### Instructions for the task
Repeat the listing below in full and exactly, but without its pictures.

### Data segment
*** Block opens ***
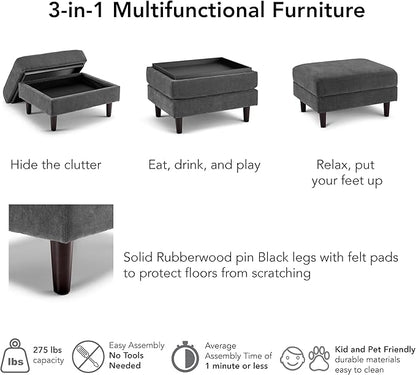 Bush Home Storage Ottoman with Tray, Living Room Furniture, Max Collection, Iron Gray Chenille Fabric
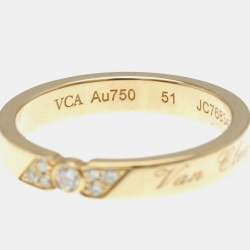 Pre Owned Van Cleef & Arpels Toujours Signature Etoiles 18K Rose Gold and Diamond Wedding Band Ring EU 51
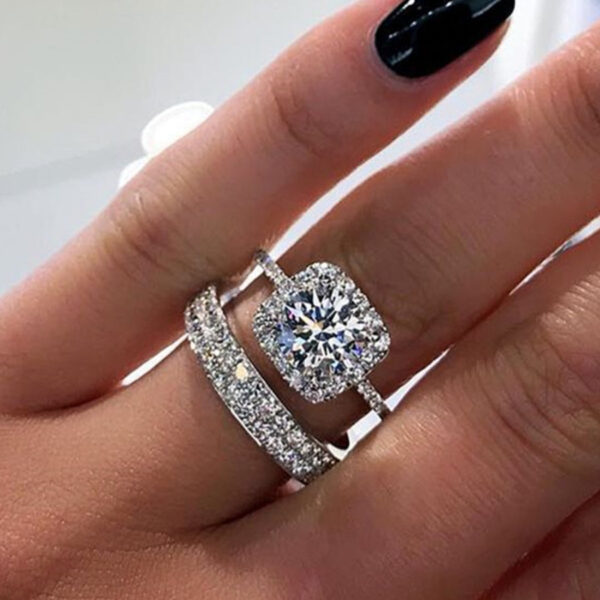 Micro Inlaid Zircon Ring Set Women's Fashion - Image 4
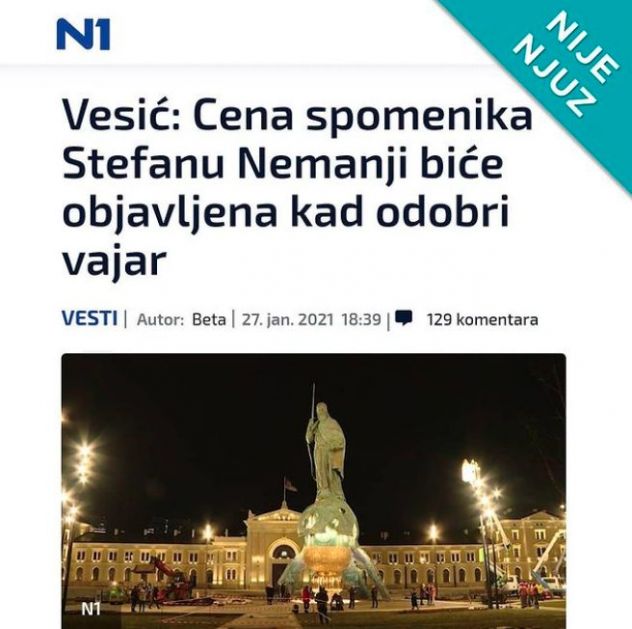 #NijeNjuz: Vajar ne dozvoljava da se objavi cena spomenika Stefanu Nemanji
*** Block closes ***
### Task answer
 Bush Home Storage Ottoman with Tray, Living Room Furniture, Max Collection, Iron Gray Chenille Fabric
 Pre Owned Van Cleef & Arpels Toujours Signature Etoiles 18K Rose Gold and Diamond Wedding Band Ring EU 51
 Micro Inlaid Zircon Ring Set Women's Fashion - Image 4
 #NijeNjuz: Vajar ne dozvoljava da se objavi cena spomenika Stefanu Nemanji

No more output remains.